Détourner l’attention du peuple burkinabé sur des échecs de son régime : voilà l’objectif réel poursuivi par le capitaine Ibrahim Traoré qui, le 11 juillet 2023, a lancé des accusations sans preuves à la fois sur le Bénin et la Côte d’Ivoire.
C’est devant une foule conquise et surexcitée, le chef de l’Etat Burkinabé a déclaré, dans ce qui s’apparente à un discours de politique générale, que le Bénin abrite deux bases militaires françaises, une à Kandi et l’autre à Porga, au sein desquelles des terroristes seraient formés pour être envoyés au Burkina Faso. Bien avant lui, l’activiste béninois déchu de sa nationalité française avait fait une accusation similaire à la suite des autorités nigériennes avant de se rétracter plus tard.
Le Bénin n’était pas seul dans le viseur du capitaine burkinabé. Selon lui, la Côte d’Ivoire, pays où vivent plus de 5 millions de Burkinabés, abrite « des centres d’opérations » destinés à déstabiliser son pays. En appui à ses propos, il a affirmé qu’il détenait des preuves matérielles qu’il a promis d’exhiber le moment venu.

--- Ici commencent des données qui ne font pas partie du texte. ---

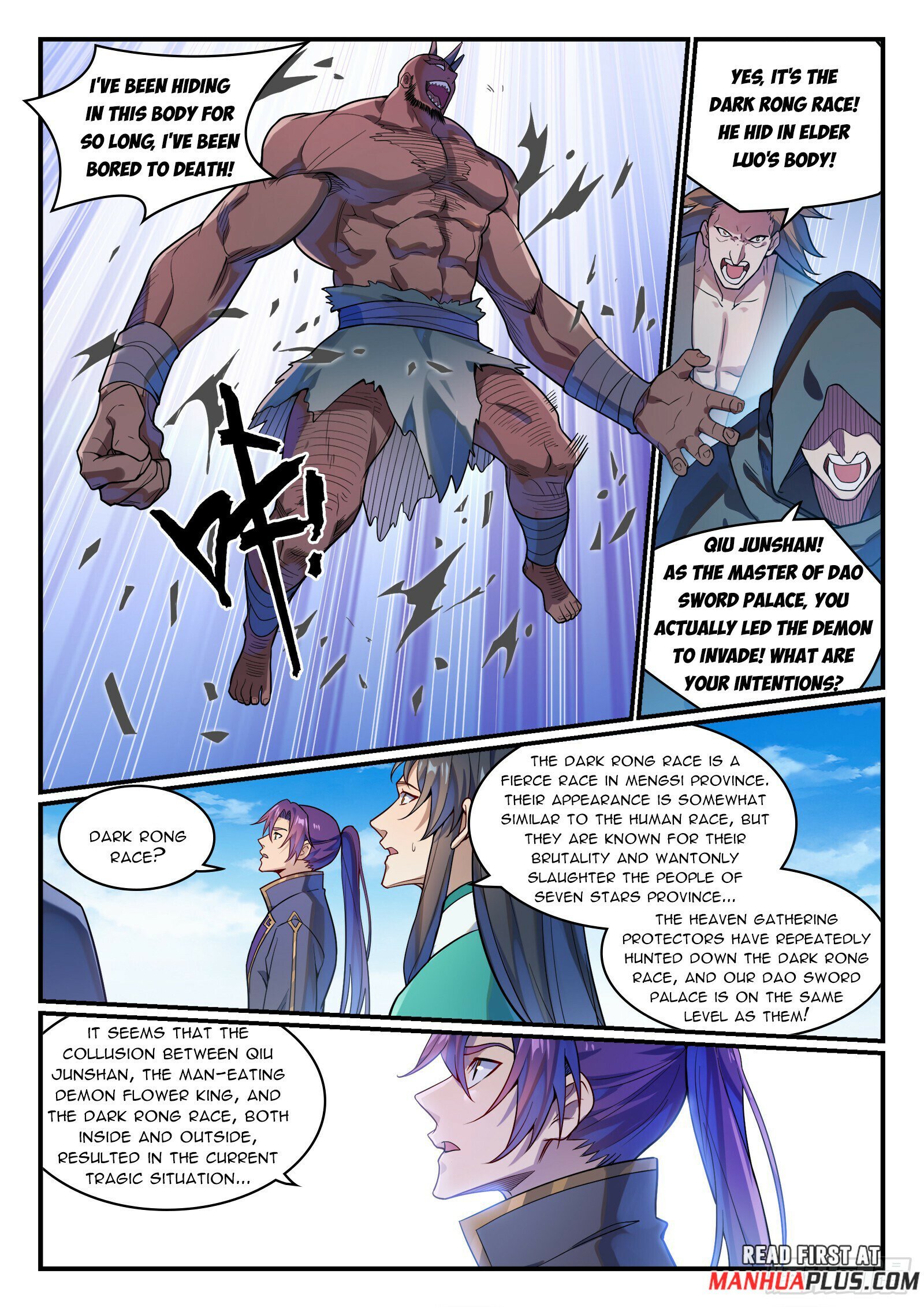 Apotheosis – Ascension to Godhood chapter 1160 page 12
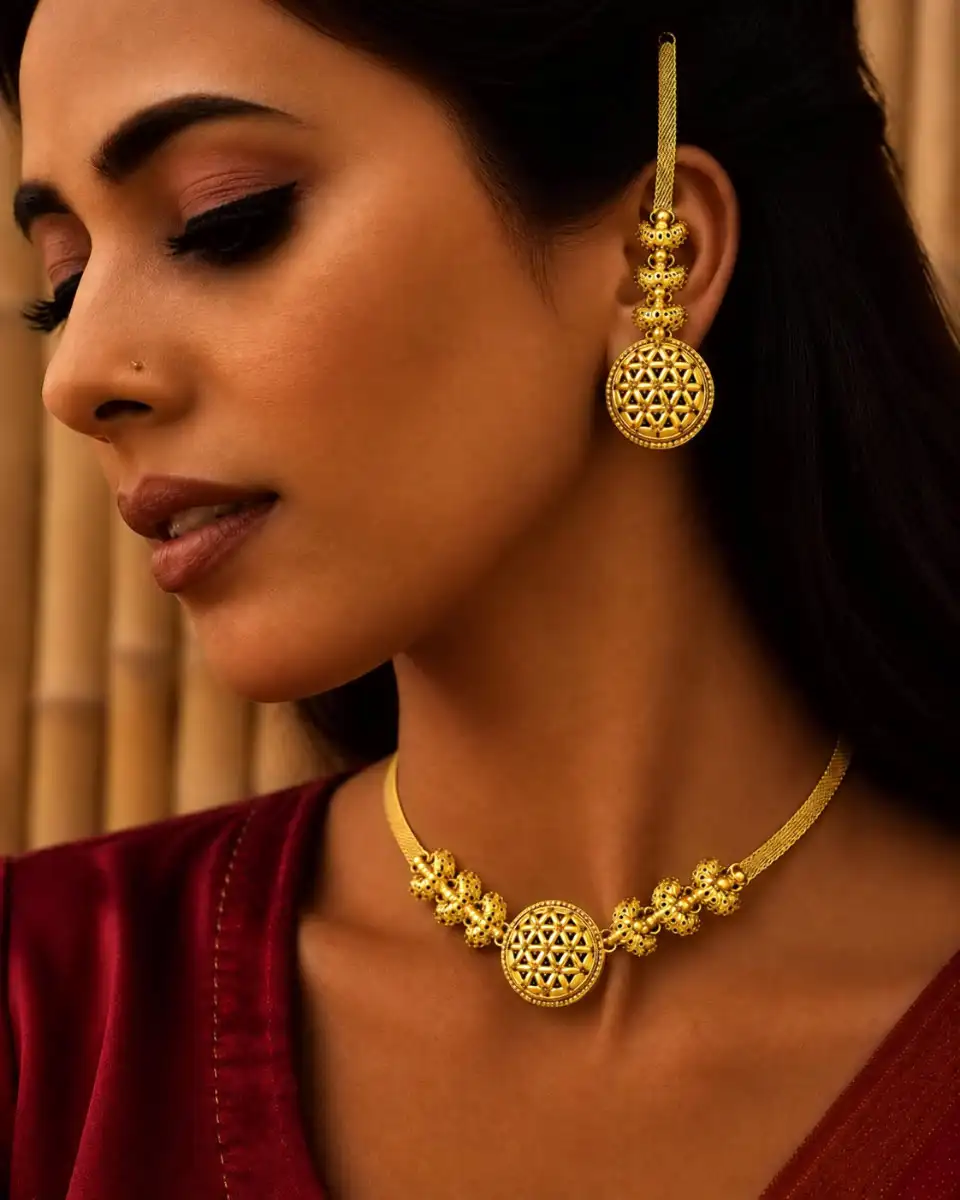 QUBRA CHOKER SET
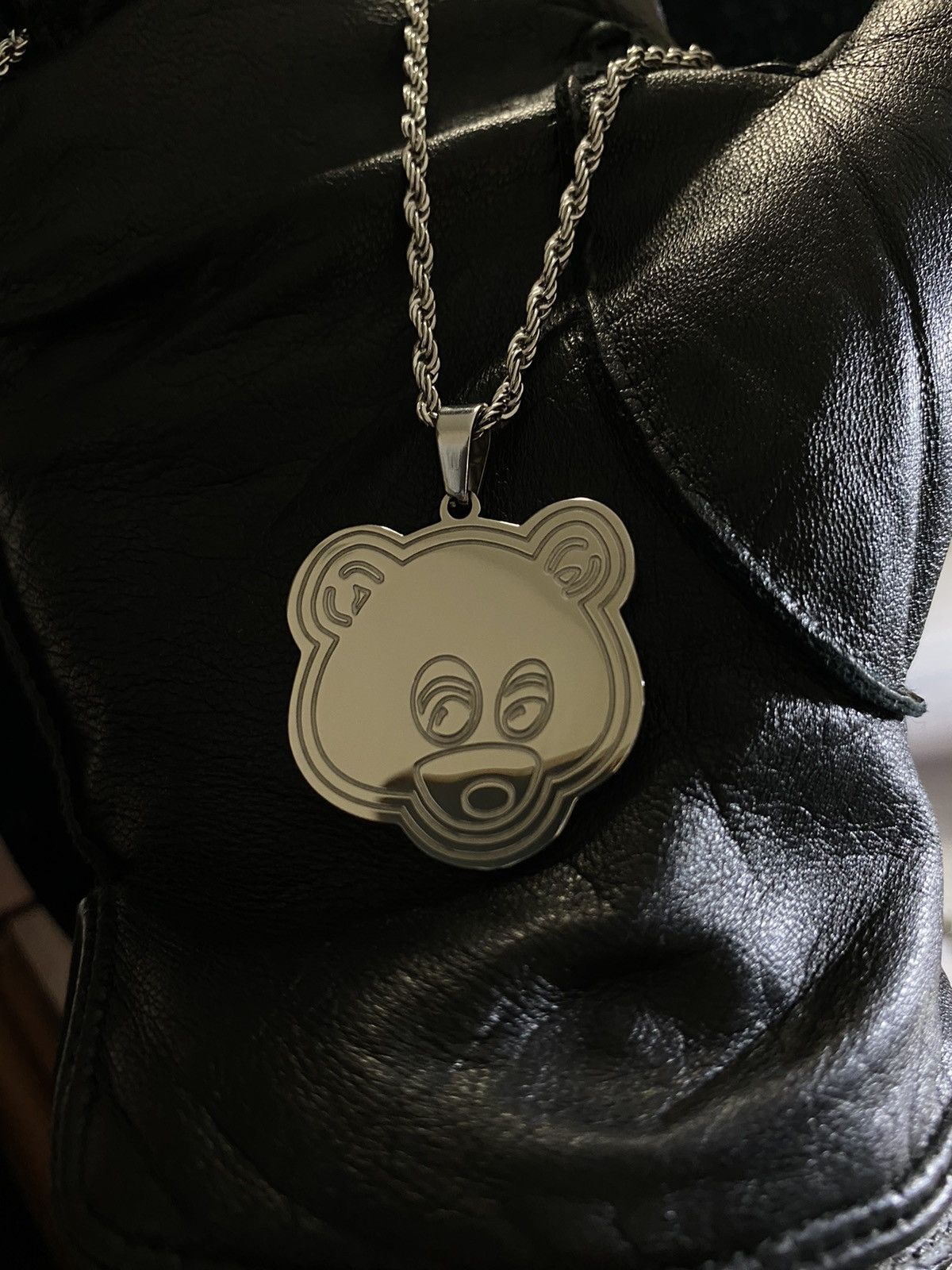 Kanye West Graduation bear necklace yeezus pendant Size ONE SIZE - 2 Thumbnail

Comme à son habitude, le président ivoirien n’a pas réagi à ces accusations mais pour sa part, le gouvernement du Bénin a immédiatement répliqué par la voix de son porte-parole, Wilfried Léandre Houngbédji. « Les attaques terroristes enregistrées par le Bénin à ce jour, dont la grande majorité a été déjouée par nos Forces de défense et de sécurité, sont l’œuvre de gens venant de l’autre côté de nos frontières avec le Burkina-Faso et le Niger. C’est d’ailleurs ce qui a amené le Gouvernement du Bénin, dans sa stratégie pour contrer le phénomène, à construire pour compter de 2022, de petits camps militaires appelés bases opérationnelles avancées, dans plusieurs de nos communes frontalières ».
Selon les autorités béninoises, ces accusations, consécutives à celles faites par la junte nigérienne, il s’agit d’une désinformation nauséeuse « qui alimente non le patriotisme, mais plutôt la rancœur des populations et menace à terme la coexistence pacifique des peuples ».

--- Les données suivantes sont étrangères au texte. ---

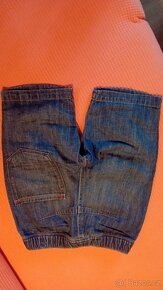 Chlapecké riflové kraťasy zn.H&M vel.104 - 4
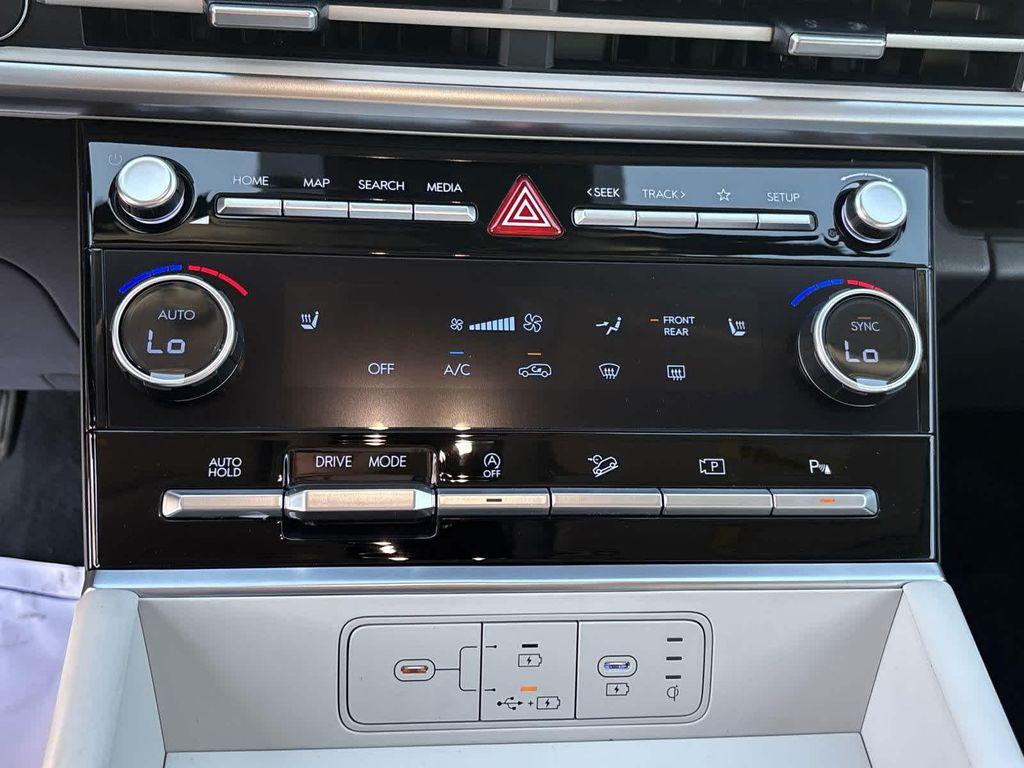 new 2025 Hyundai Santa Fe car, priced at $33,163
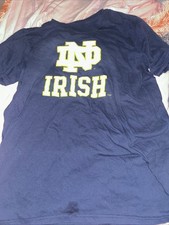 Fanatic Notre Dame Irish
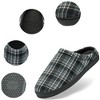 Alpine Swiss Peter Mens Memory Foam Wide Fleece Clog Slippers Slip On House Shoes - 4 of 4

Depuis le coup d’Etat perpétré par le capitaine Ibrahim Traoré en 2022, les problèmes sécuritaires du Burkina Faso se sont exacerbés malgré les dépenses militaires en forte augmentation. En réponse, le pouvoir s’est illustré dans des exactions où des villages entiers sont parfois massacrés parce que soupçonnés de collaboration avec les djihadistes. C’est ainsi que le 23 juin, des individus armés, identifiés comme des Forces de défense et de sécurité et des Volontaires pour la défense de la patrie (Vdp) ont fait irruption à Kari, village situé sur l’axe Dédougou/Bobo-Dioulasso (RN10), et ouvert le feu sur la population en ciblant la communauté peulh principalement composée de femmes et d’enfants.
Par ailleurs, le régime fait face à une opposition interne qui, bravant les enlèvements et les enrôlements forcés au sein des Vdp, se fait de plus en plus pressante. Après une période de peur, de plus en plus de voix dissidentes se font en effet entendre. Récemment, ce sont les magistrats qui osent ne pas donner raison à la junte dans des procès que le jeune capitaine a placé sur sa liste noire.

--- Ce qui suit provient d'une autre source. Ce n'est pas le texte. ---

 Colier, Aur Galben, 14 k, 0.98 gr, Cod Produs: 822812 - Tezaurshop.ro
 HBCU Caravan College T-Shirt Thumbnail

Dans le même temps, sur le plan économique, le Burkina Faso connait de plus en plus un isolement préjudiciable à terme à la croissance du pays. A titre d’exemple, ce pays dont la principale richesse constitue l’or de son sous-sol, a connu une baisse de 87% des investissements directs étrangers.
Face au manque de résultats sur les plans sécuritaire et économique et une opposition interne de plus en plus pressante, le régime militaire n’a trouvé autre initiative que de mobiliser ses partisans en désignant des ennemis extérieurs. En cela, il n’a pas innové. Cette stratégie est la marque de fabrique des régimes dictatoriaux en perte de vitesse. Et pour cela, il dispose d’une base faite de militants peu instruits, donc prêts à prendre ses discours pour parole d’évangile.